Multi-compartment human head modeling: generating adaptive tetrahedral mesh with GPU acceleration
Fernando Galaz Prieto, Joonas Lahtinen, Maryam Samavaki, Sampsa, Pursiainen

TL;DR
This paper presents an automated, GPU-accelerated method for generating highly accurate tetrahedral finite element meshes of human head models from MRI data, improving EEG source localization accuracy.
Contribution
The authors introduce a novel recursive surface segmentation and mesh optimization pipeline that produces detailed, adaptive FE meshes including deep brain structures, with GPU acceleration for efficiency.
Findings
Achieves FE mesh accuracy greater than 1 mm.
Successfully models complex deep brain structures.

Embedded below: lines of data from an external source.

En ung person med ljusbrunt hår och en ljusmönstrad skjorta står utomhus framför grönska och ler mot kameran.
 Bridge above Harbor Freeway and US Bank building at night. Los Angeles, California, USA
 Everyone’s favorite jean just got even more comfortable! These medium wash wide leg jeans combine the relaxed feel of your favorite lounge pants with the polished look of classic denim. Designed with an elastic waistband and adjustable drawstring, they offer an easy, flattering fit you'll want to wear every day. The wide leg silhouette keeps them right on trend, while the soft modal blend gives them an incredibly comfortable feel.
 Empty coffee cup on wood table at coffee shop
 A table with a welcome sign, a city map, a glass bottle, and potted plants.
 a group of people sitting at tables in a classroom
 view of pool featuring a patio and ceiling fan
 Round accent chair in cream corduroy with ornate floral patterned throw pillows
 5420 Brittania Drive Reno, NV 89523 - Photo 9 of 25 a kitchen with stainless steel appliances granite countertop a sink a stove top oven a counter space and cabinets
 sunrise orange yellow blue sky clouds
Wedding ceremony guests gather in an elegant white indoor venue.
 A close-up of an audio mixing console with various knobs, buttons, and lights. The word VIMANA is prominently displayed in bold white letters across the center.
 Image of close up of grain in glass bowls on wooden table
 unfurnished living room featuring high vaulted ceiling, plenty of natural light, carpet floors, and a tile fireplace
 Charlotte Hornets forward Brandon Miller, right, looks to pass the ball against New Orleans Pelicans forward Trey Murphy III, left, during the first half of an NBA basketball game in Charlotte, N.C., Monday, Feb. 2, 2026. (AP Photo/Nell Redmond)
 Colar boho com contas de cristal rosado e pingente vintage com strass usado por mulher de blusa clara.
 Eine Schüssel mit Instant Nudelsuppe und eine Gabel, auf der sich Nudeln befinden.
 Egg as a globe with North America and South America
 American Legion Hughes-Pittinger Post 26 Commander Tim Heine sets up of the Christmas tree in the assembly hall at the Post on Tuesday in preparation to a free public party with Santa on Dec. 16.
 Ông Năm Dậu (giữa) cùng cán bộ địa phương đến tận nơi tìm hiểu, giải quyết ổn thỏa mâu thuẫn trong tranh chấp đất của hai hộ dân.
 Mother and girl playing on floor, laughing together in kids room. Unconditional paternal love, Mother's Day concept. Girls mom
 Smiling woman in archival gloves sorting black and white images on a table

Utilizes GPU acceleration for faster mesh generation.
Abstract
This paper introduces a highly adaptive and automated approach for generating Finite Element (FE) discretization for a given realistic multi-compartment human head model obtained through magnetic resonance imaging (MRI) dataset. We aim at obtaining accurate tetrahedral FE meshes for electroencephalographic source localization. We present recursive solid angle labeling for the surface segmentation of the model and then adapt it with a set of smoothing, inflation, and optimization routines to further enhance the quality of the FE mesh. The results show that our methodology can produce FE mesh with an accuracy greater than 1 millimeter, significant with respect to both their 3D structure discretization outcome and electroencephalographic source localization estimates. FE meshes can be achieved for the human head including complex deep brain structures. Our algorithm has been implemented…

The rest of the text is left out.